(THE DATA)

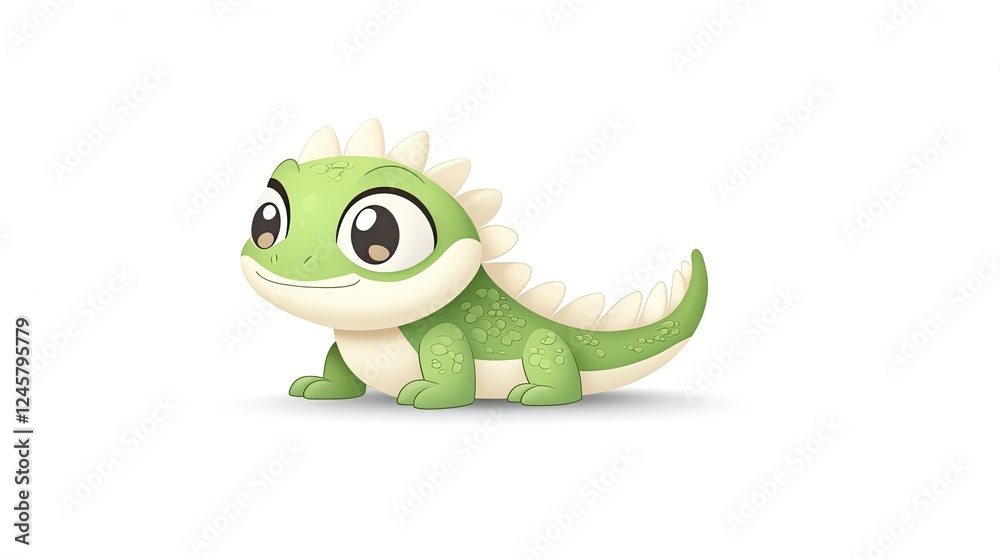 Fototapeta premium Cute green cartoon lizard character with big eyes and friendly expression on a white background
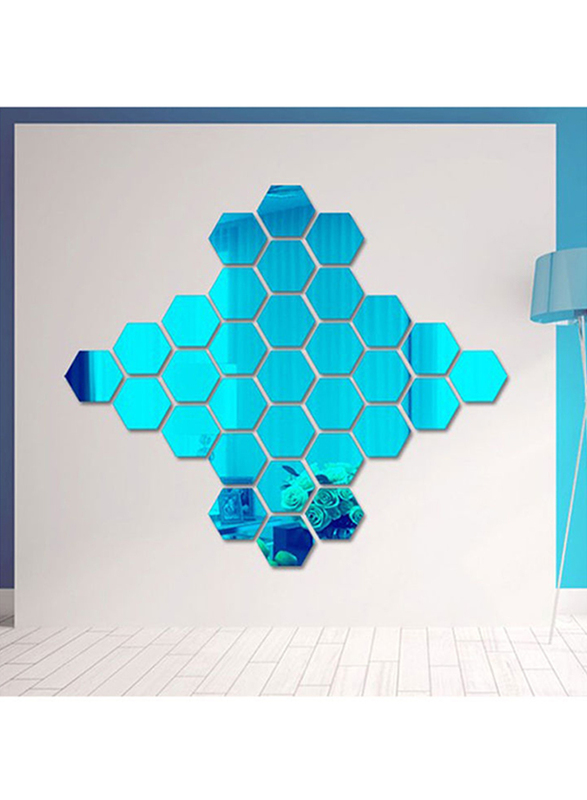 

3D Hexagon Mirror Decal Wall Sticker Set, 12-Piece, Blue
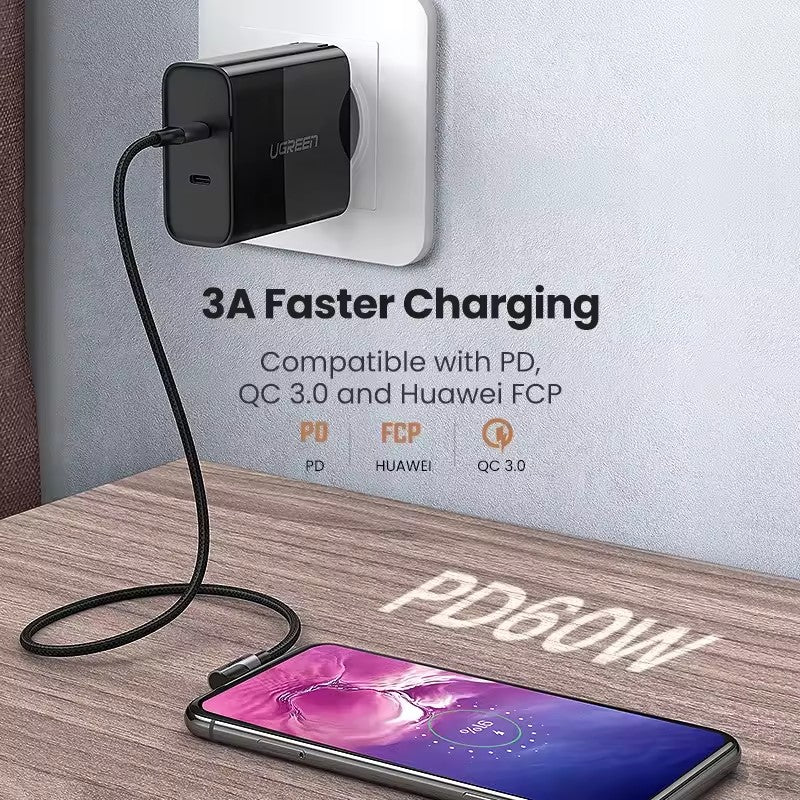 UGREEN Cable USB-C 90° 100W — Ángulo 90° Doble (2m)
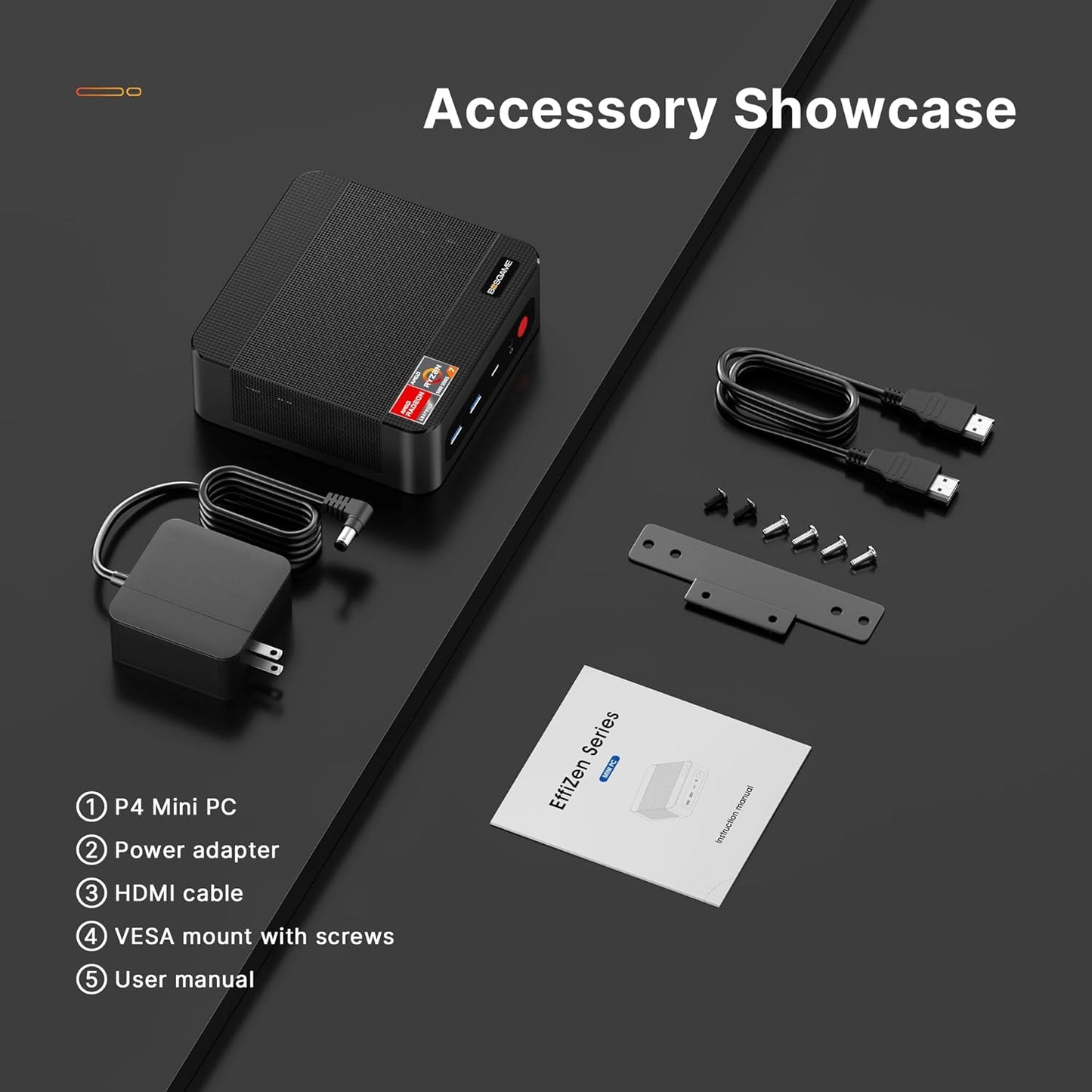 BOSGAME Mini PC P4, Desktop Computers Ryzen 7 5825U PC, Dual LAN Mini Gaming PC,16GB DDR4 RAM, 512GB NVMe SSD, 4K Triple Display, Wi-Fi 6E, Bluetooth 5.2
--
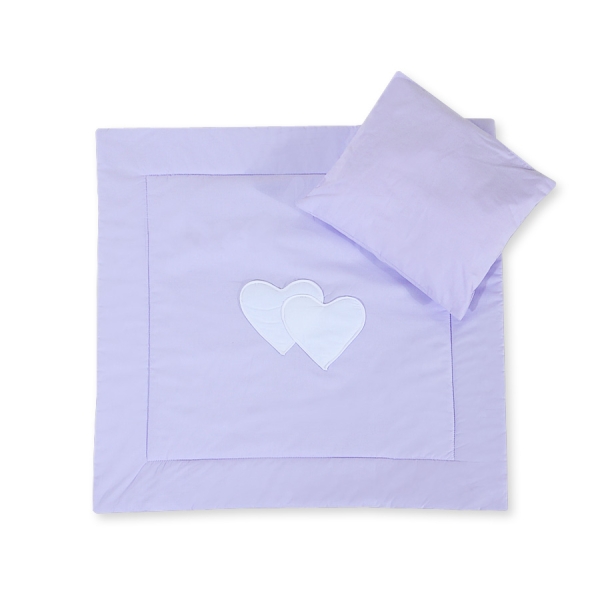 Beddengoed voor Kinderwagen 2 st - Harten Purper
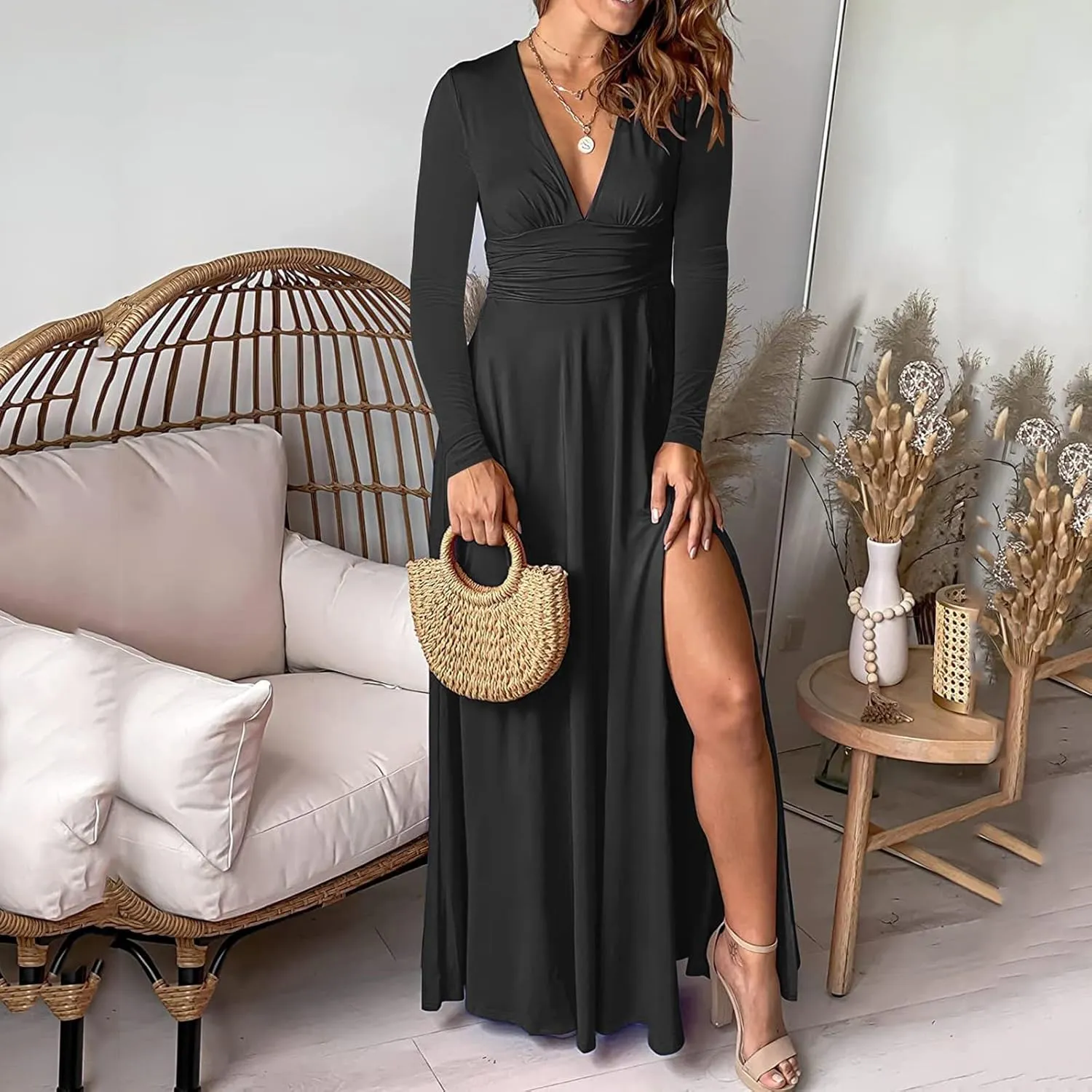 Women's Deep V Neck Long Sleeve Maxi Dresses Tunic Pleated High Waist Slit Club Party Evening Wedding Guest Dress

(WHAT YOU HAVE TO DO) In the listing above, find the line containing "UGREEN Cable USB-C" and the line containing "BOSGAME Mini PC", then write out both of them and every line between, exactly, with no pictures.

(ANSWER SPACE)
 UGREEN Cable USB-C 90° 100W — Ángulo 90° Doble (2m)
 BOSGAME Mini PC P4, Desktop Computers Ryzen 7 5825U PC, Dual LAN Mini Gaming PC,16GB DDR4 RAM, 512GB NVMe SSD, 4K Triple Display, Wi-Fi 6E, Bluetooth 5.2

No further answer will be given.